ASP.NET User Controls are both easy to create and easy to use; however, they're designed to be used from within a single web application. To use the same control in a different application you must copy your control's .ASCX (and associated files) to a virtual directory within that application. This article describes a simple trick that allows you to publish a page for another site that contains your site's User Control, or any other dynamic content. In fact, the other site doesn't even need to be an ASP.NET web site.

I discovered this little trick recently after I implemented the Amazon.com Web Services interface to my consulting home site. The Web Service from Amazon allows me to request details, including an image url, for a list of books identified by their Amazon ID (ASIN). I display the list of books in a DataGrid bound to a DataSet that I create from the information returned by the Amazon Web Service. I wrapped the DataGrid presentation and Web Service reference within a simple User Control.

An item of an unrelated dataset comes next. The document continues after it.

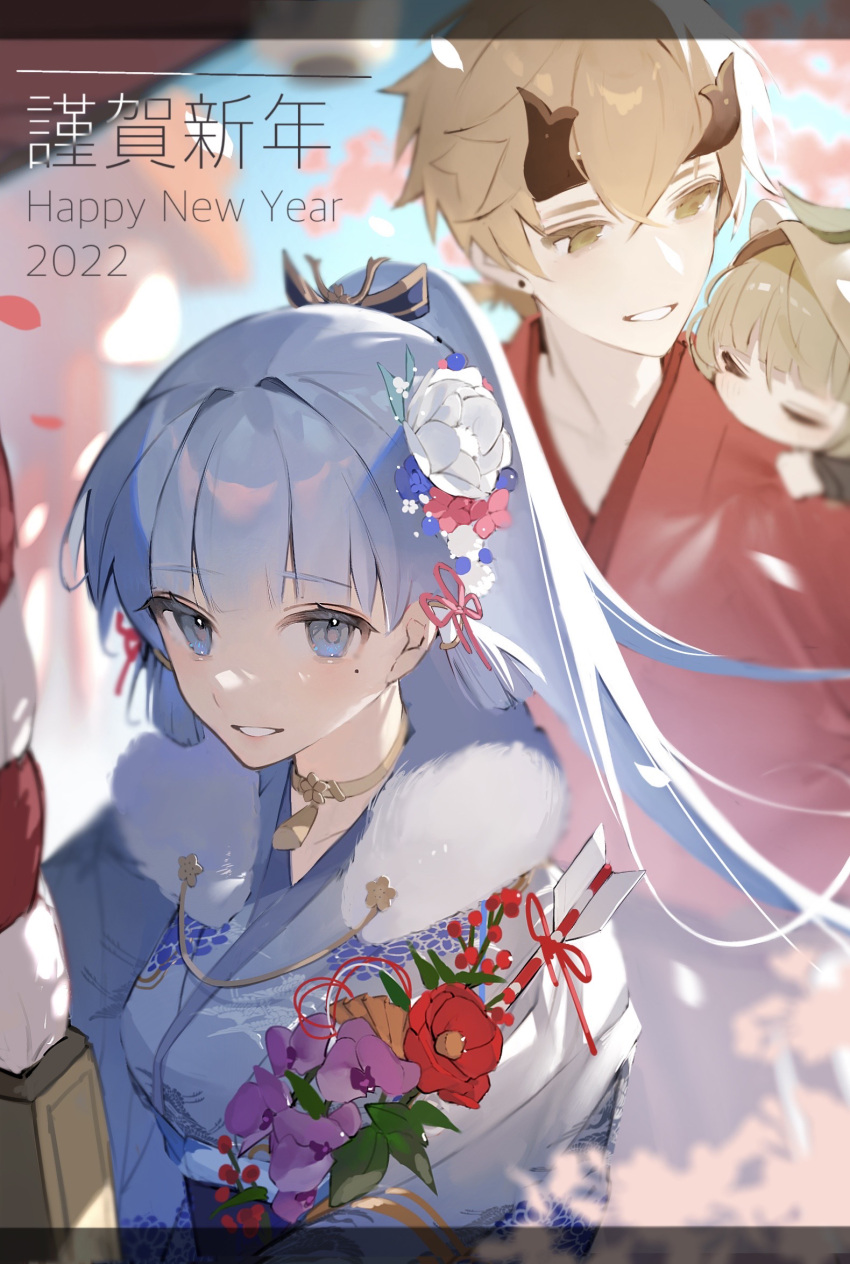 1boy 2022 2girls =v= arrow_(projectile) blue_eyes blue_hair blurry blurry_background breasts closed_eyes commentary_request eyebrows_visible_through_hair flower fur_trim genshin_impact hair_flower hair_intakes hair_ornament happy_new_year highres japanese_clothes jewelry kamisato_ayaka leaf light_blush light_brown_hair long_hair looking_at_viewer medium_breasts mole mole_under_eye multiple_girls necklace new_year parted_lips ponytail poscorn617 sayu_(genshin_impact) standing teeth thoma_(genshin_impact) upper_body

A friend of mine that runs a cooking site was tired of building all of the Amazon "associates" links manually and wanted to use the same technique as I had for my book list. The cooking site is simple HTML hosted with an inexpensive ISP. My friend just wanted to link to my site and provide their own list of books.

It's no trick to simply provide a link that returns a complete page for a list of books identified with their ASINs in the link's query string. But of course the generated page doesn't have the same look-and-feel as the calling web application--the cooking site in this case. The simple solution I chose to present the same look-and-feel as the calling site was to require not only the list of books in the link's query string, but also the URL of a "template" page into which I could insert my DataGrid's rendered output.

The page on my site to which the cooking site links contains only three elements: a "top" literal control, a placeholder for my User Control, and a "bottom" literal control.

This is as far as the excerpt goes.